Ada Ancaman Mengintai, BMKG Beri Peringatan Ini kepada Petani RI
Jakarta, CNBC Indonesia - Badan Meteorologi, Klimatologi, dan Geofisika (BMKG) telah berulang kali memperingatkan dampak perubahan iklim yang dapat membahayakan bumi, termasuk Indonesia. Salah satunya, ancamannya dapat memicu krisis pangan.
Deputi Bidang Klimatologi BMKG Ardhasena Sopaheluwakan mengutip laporan Intergovernmental Panel on Climate Change (IPCC) 2021 yang menyebutkan, perubahan iklim berpotensi menyebabkan peningkatan intensitas dan frekuensi curah hujan ekstrem yang selanjutnya dapat meningkatkan risiko bencana banjir, termasuk banjir di area pertanian.
"Perubahan iklim memengaruhi siklus hidrologi dan meningkatkan frekuensi dan intensitas curah hujan.
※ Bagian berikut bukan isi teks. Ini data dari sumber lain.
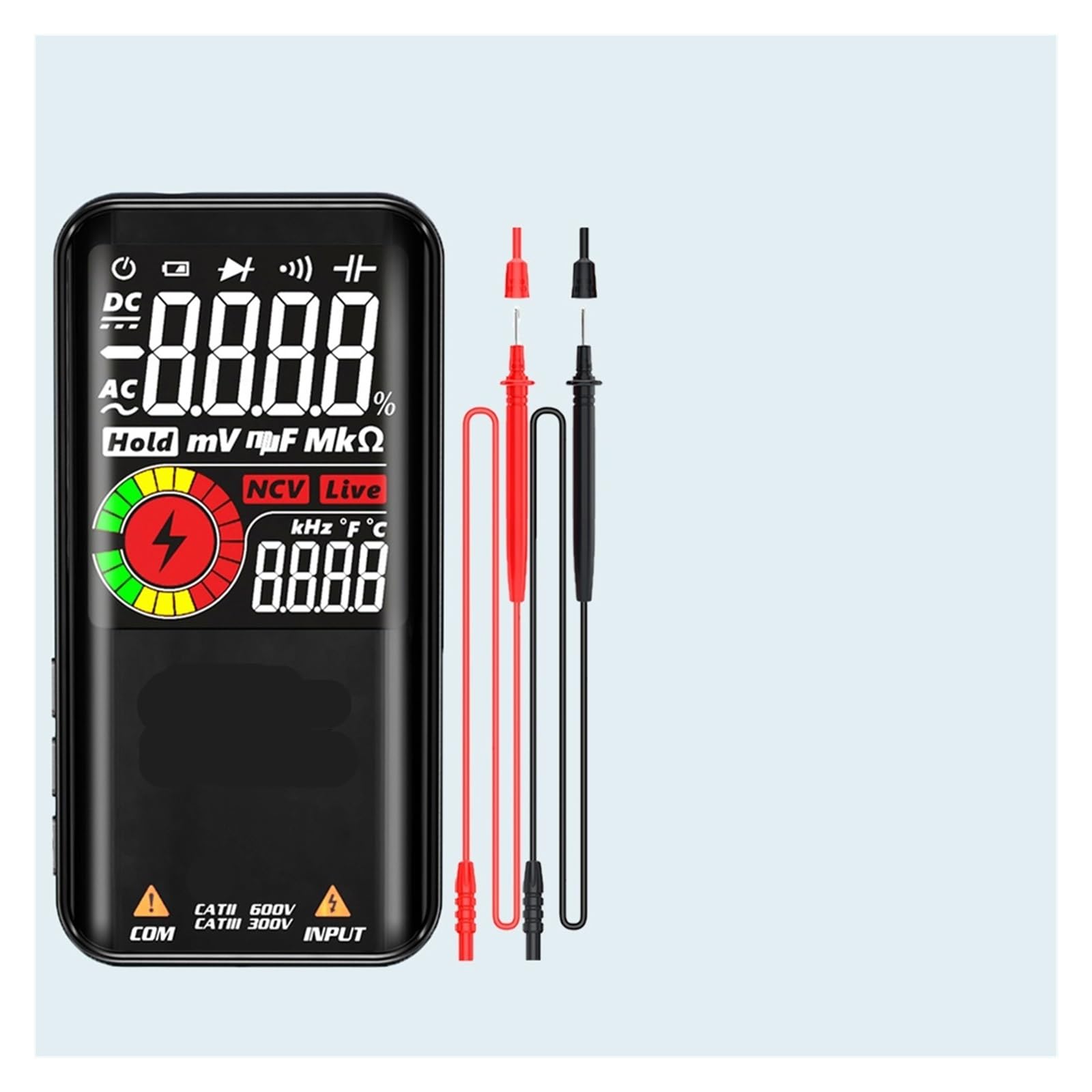 Multimetr Cyfrowy, Przenośny inteligentny multimetr cyfrowy 9999 - woltomierz EMF, tester wielofunkcyjny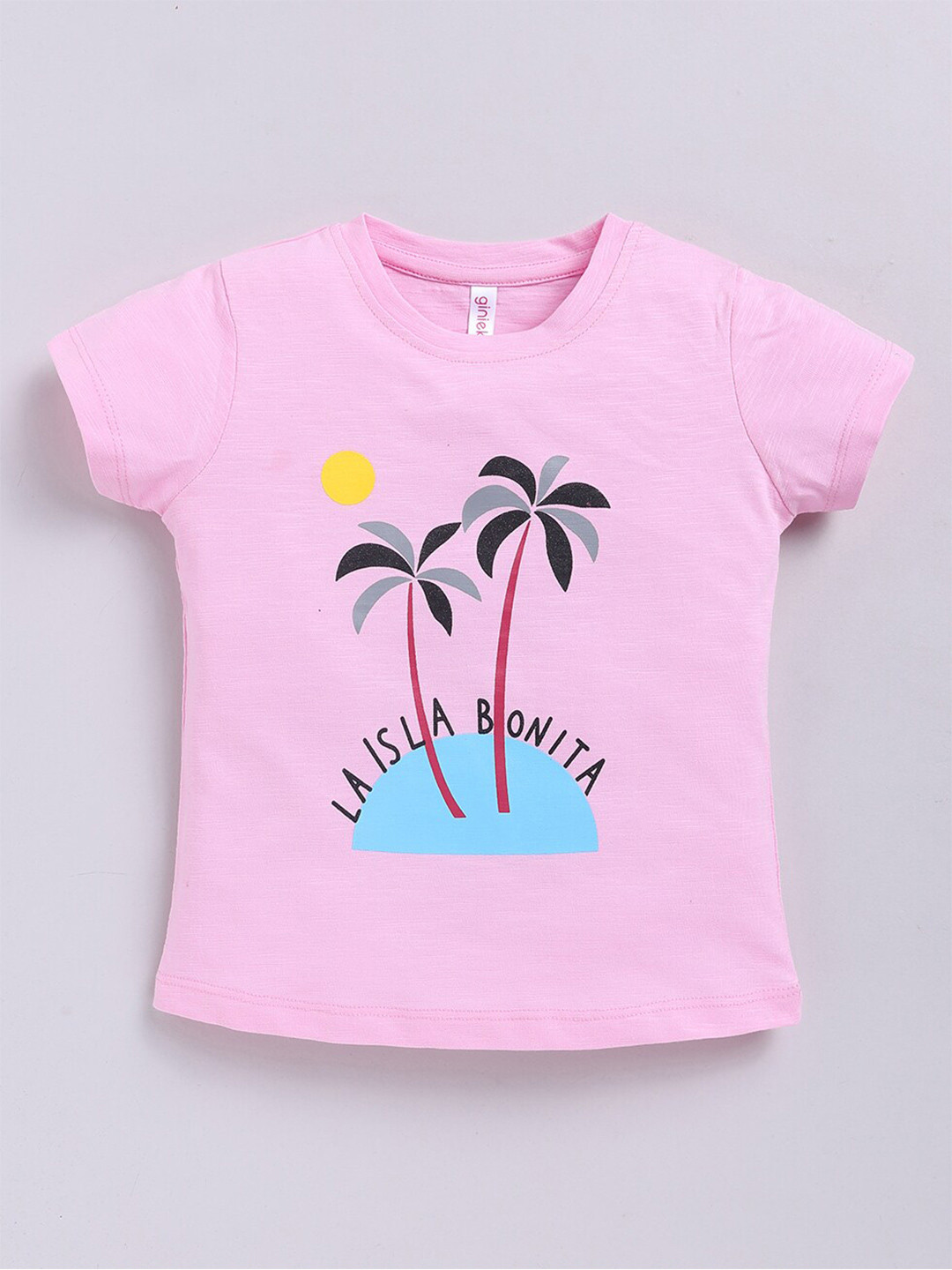 

Ginie Girls Printed Cotton T-shirt, Red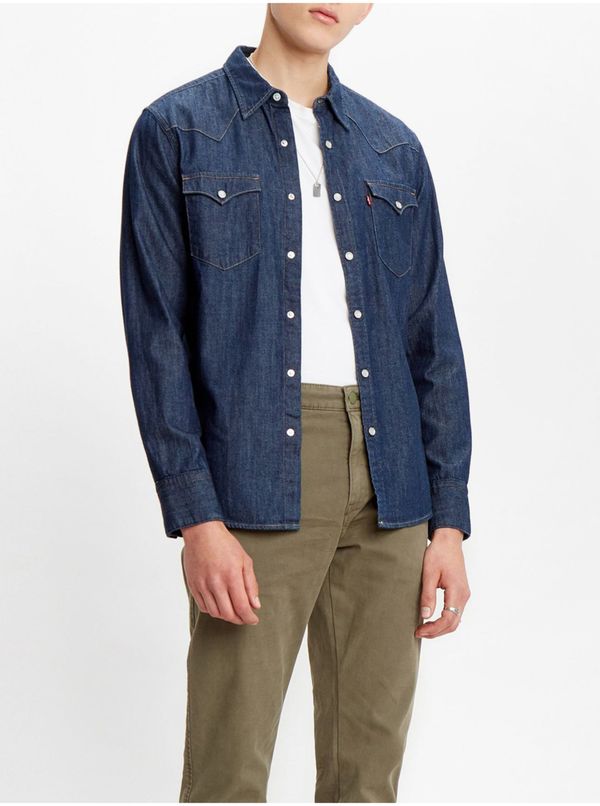 Levi's® Levi&#39;s Men&#39;s Navy Blue Denim Shirt Levi&#39;s® Barstow Western - Men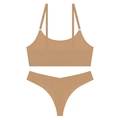 Ensemble de lingerie beige sans couture avec soutien-gorge sans fil et string assorti - S / Peau Foncée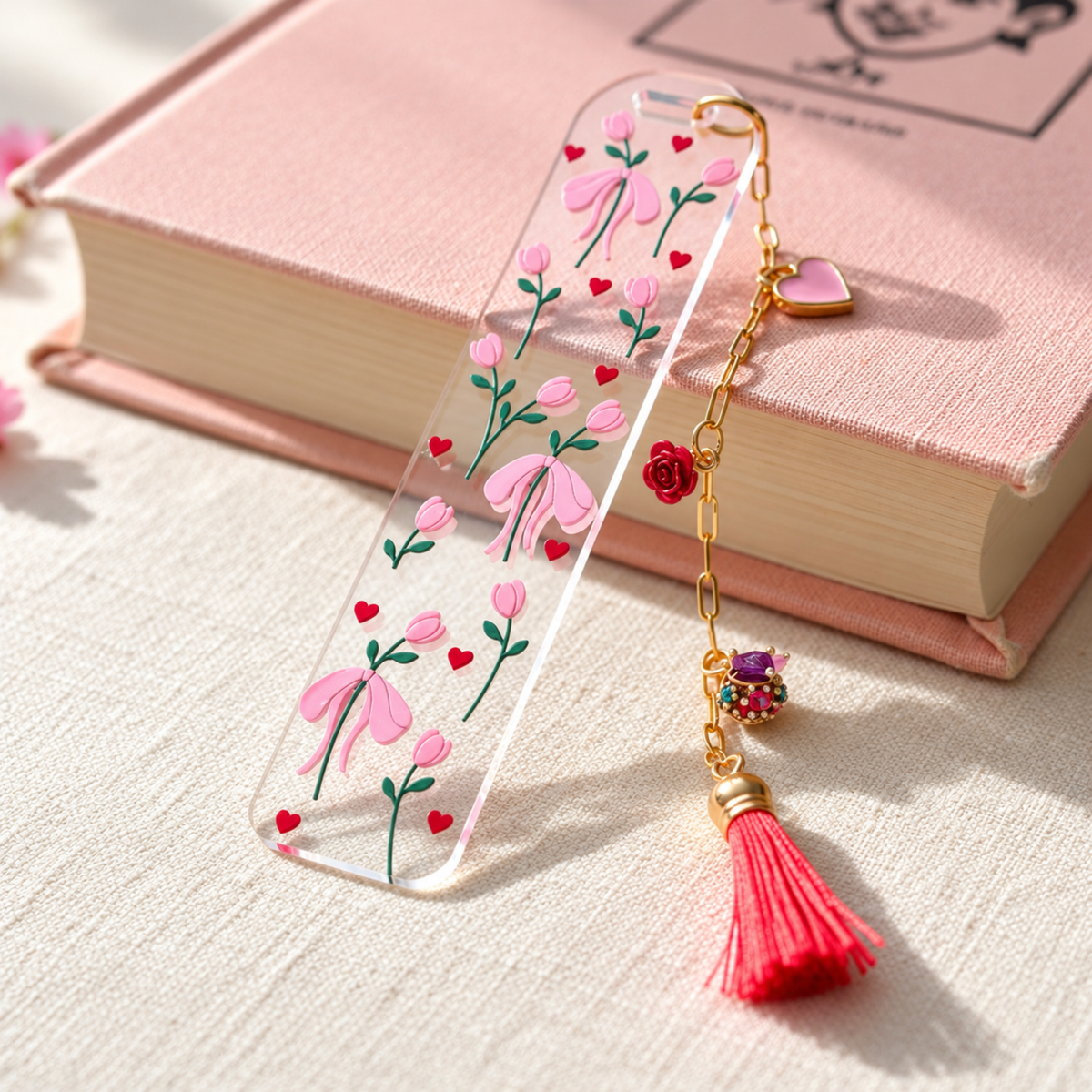 Tulips & Hearts Bookmark with Charms . Tulips Bookmark . Flower Bookmark . Flower Lover Bookmark Gift . Tulip Lover Bookmark Gift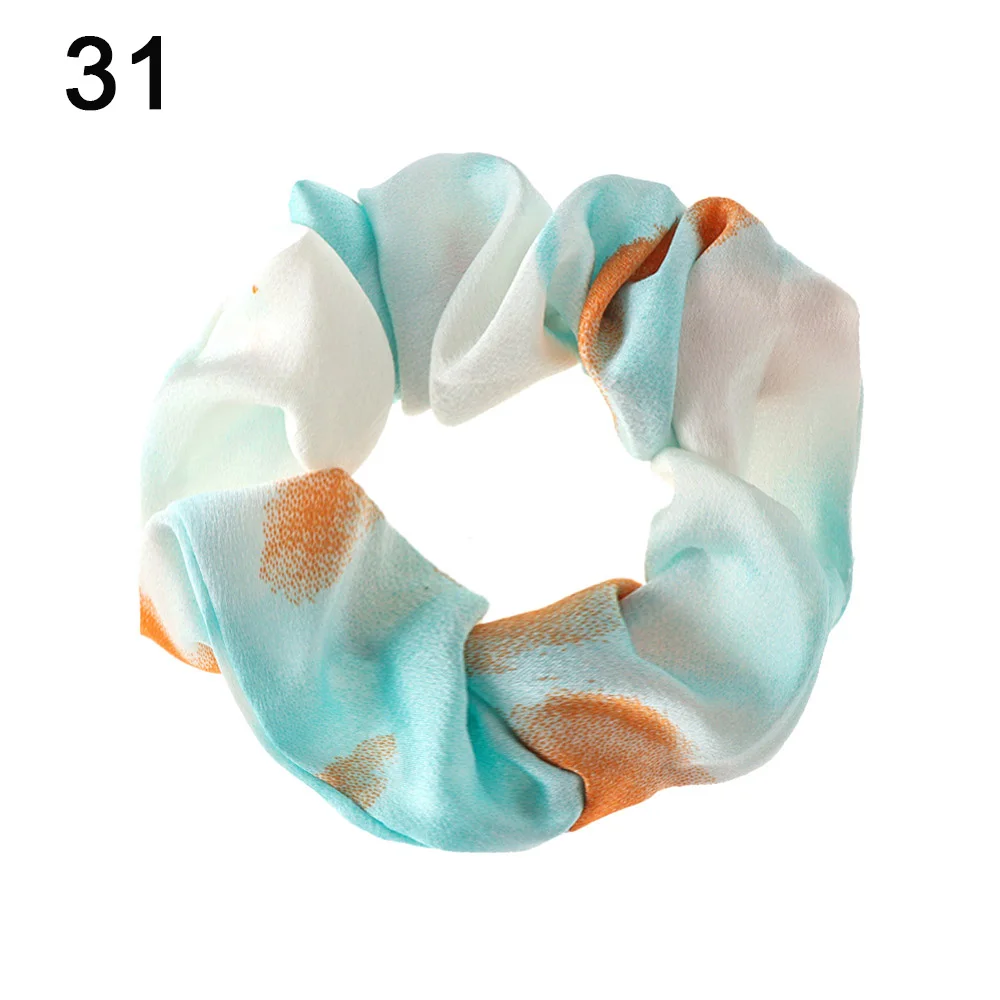 Модный женский шарф для волос с цветочным принтом, эластичная повязка для волос в богемном стиле, бант для волос, резиновые веревки, аксессуары для волос для девочек - Цвет: 31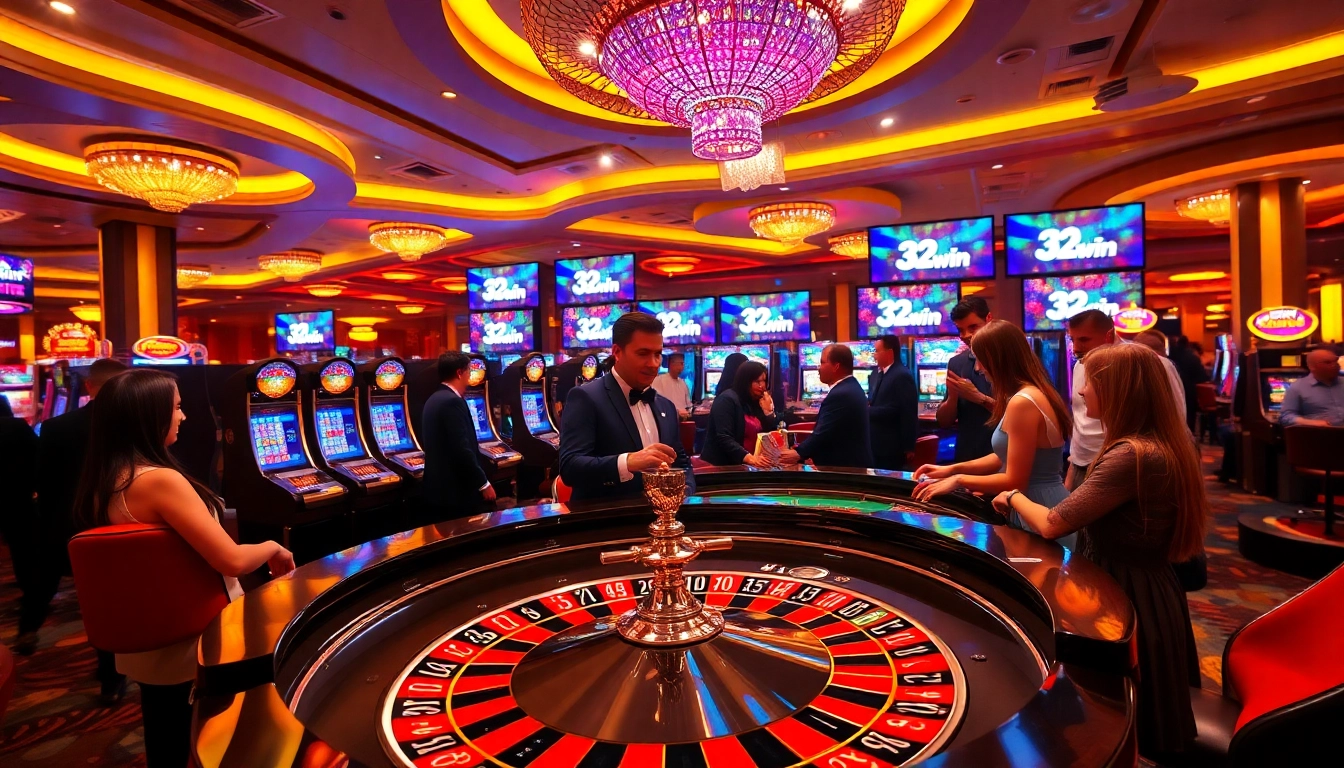 Excited players betting at a roulette table with vibrant 32win branding in the casino.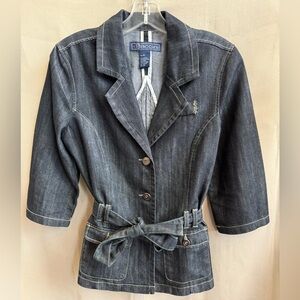 Baccini Dark Denim Jean Jacket Belted Gathered Back Pockets Size M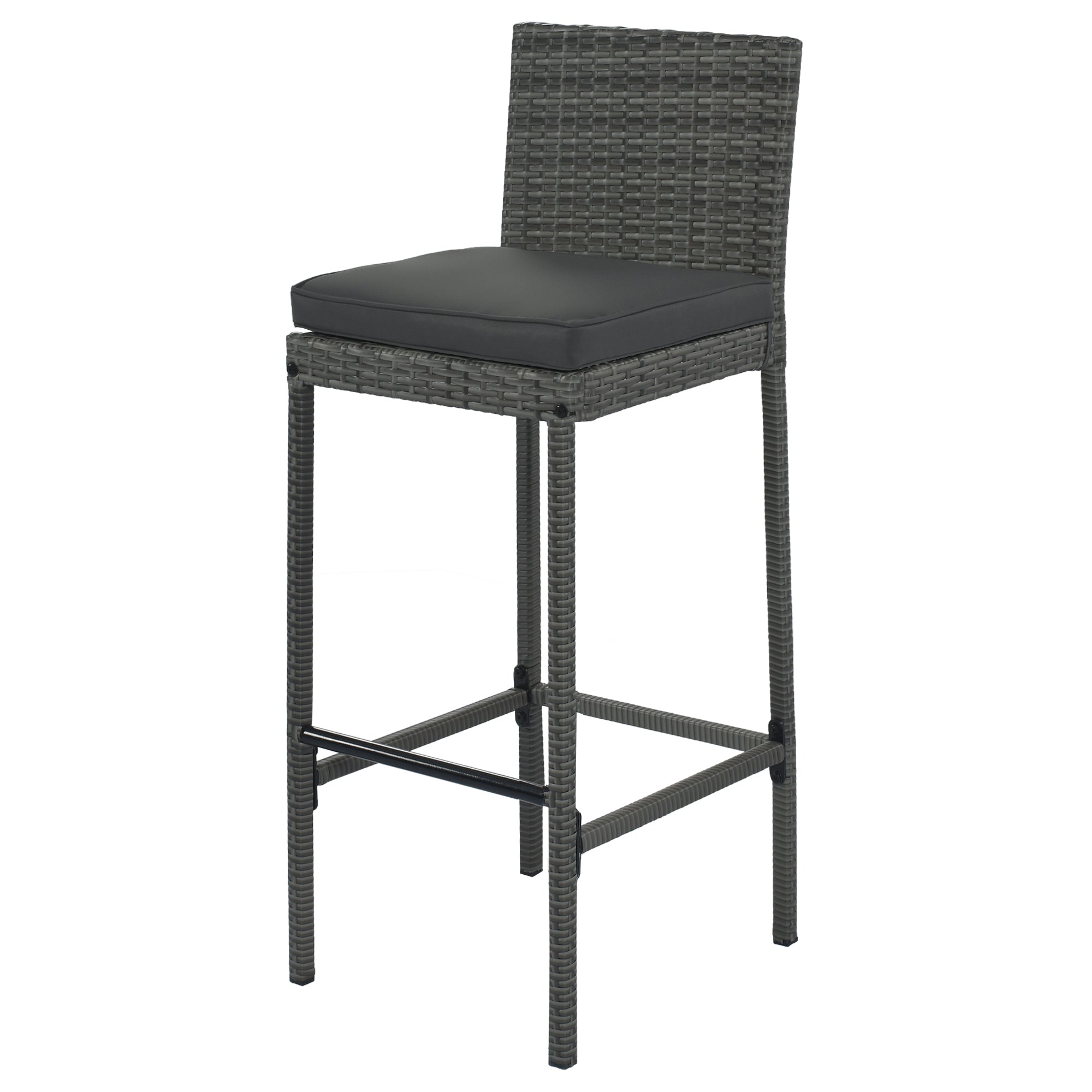 5-Piece Outdoor Wicker Bar Set with Removable Cushion and Acacia Top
Lebih dari 98% bencana alam berkaitan dengan cuaca dan air atau parameter terkait iklim dan cuaca yang disebut dengan bencana hidrometeorologi," katanya kepada CNBC Indonesia, dikutip Rabu (22/5/2024).
Dia menjelaskan, bencana hidrometeorologi adalah suatu fenomena bencana alam atau proses merusak yang terjadi atmosfer (meteorologi), air (hidrologi), atau lautan (oseanografi) yang dipicu oleh kondisi cuaca dan iklim dengan berbagai parameternya.
Dampak perubahan iklim, sebutnya, dapat berupa kejadian slow onset dan cuaca ekstrem, yang belum dan tidak dapat dihindari.
Cuaca ekstrem misalnya, kekeringan, gelombang panas, gelombang badai, banjir, dan siklon tropis.
Sementara kejadian slow onset diantaranya berupa kenaikan suhu, kenaikan level permukaan laut, retret glasial akibat mencairnya es dan dampaknya, degradasi lahan dan hutan, serta salinisasi atau proses meningkatnya kadar garam mudah larut di dalam tanah sehingga terbentuk lahan salin yang dapat mengganggu produktivitas tanaman pertanian.
Karena itu, Ardhasena pun memberikan rekomendasi kepada petani dalam menghadapi ancaman dampak perubahan iklim:
• Penggunaan varietas tanaman yang tahan terhadap banjir atau kekeringan, untuk memastikan bahwa varitas yang ditanam tetap produktif meskipun terjadi anomali iklim
• Manajemen air yang efisien, untuk memastikan ketersediaan air bagi tanaman
• Adopsi praktik pertanian yang ramah lingkungan, untuk memastikan kesuburan tanah yang cukup untuk mendukung produktivitas tanaman
• Pembangunan dan pemeliharaan infrastruktur untuk memastikan ketersediaan air , misalnya pembangunan embung, irigasi,bendungan dan saluran air pendukung pertanian.
Tak hanya itu.
Rencana pengaturan tata ruang juga harus memperhatikan upaya-upaya adaptasi dampak perubahan iklim.
Berikut rekomendasi penetapan tata ruang agar dapat berkontribusi dalam mengurangi dampak perubahan iklim menurut Ardhasena:
• Peningkatan ruang terbuka hijau, seperti taman kota, hutan kota, untuk menyerap karbon dioksida, mengurangi suhu udara, dan menyediakan ruang evakuasi saat bencana
• Pembangunan sistem drainase yang baik, untuk mengatasi masalah banjir, seperti pembuatan kolam retensi dan sistem drainase perkotaan yang mampu menampung air hujan.